* _GIVEN MATERIAL_
==============================

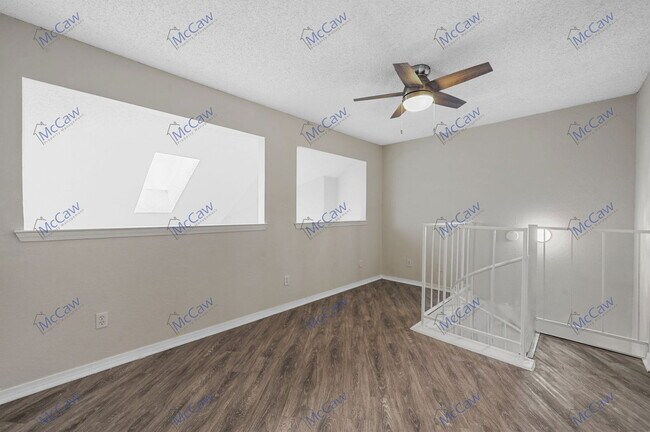 Building Photo - 5590 Spring Valley Rd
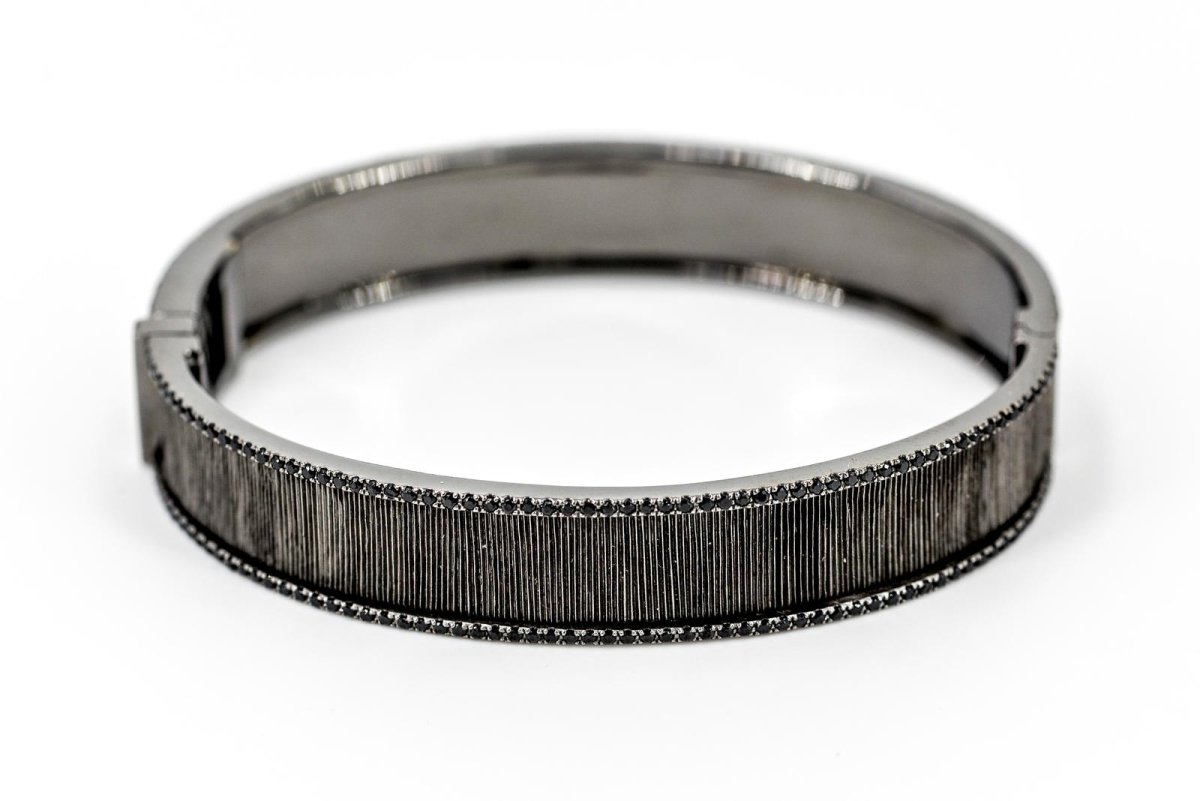 Bracelet Jonc ETERNAMÉ "Lunaria", en or noir et spinelle - Castafiore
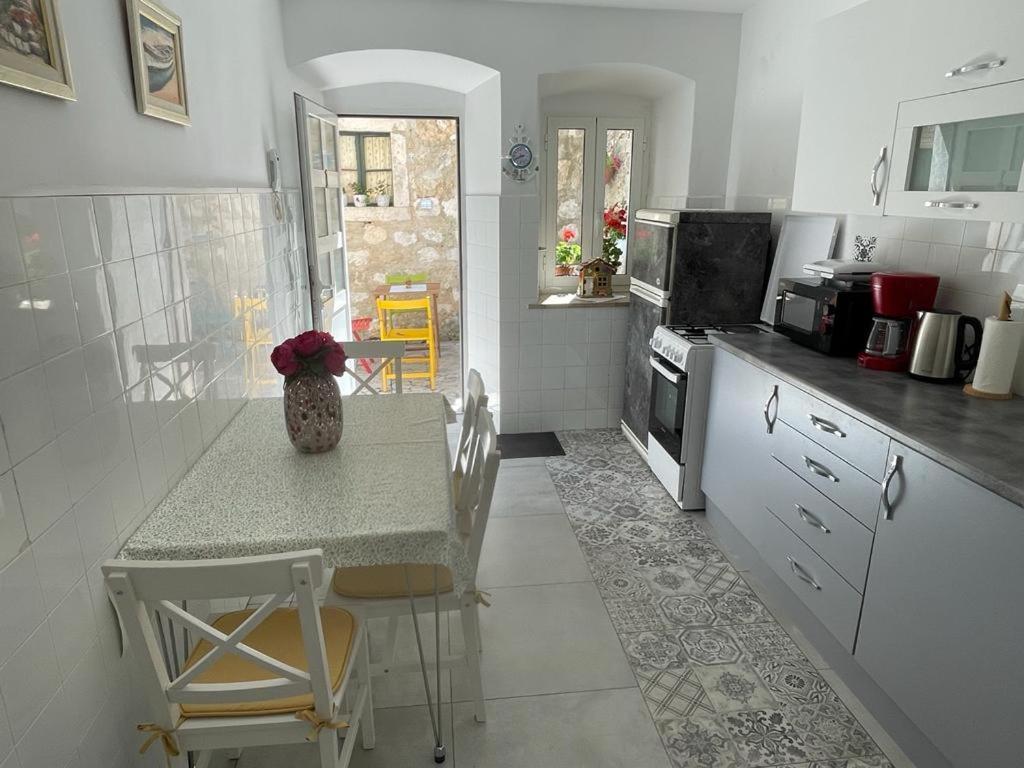 Appartement Peaceful House In Dubrovnik Extérieur photo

==============================

* _YOUR GOAL_
Output the listing above in full, exactly. No images.

* _RESPONSE AREA_
 Building Photo - 5590 Spring Valley Rd
 Bracelet Jonc ETERNAMÉ "Lunaria", en or noir et spinelle - Castafiore
 Appartement Peaceful House In Dubrovnik Extérieur photo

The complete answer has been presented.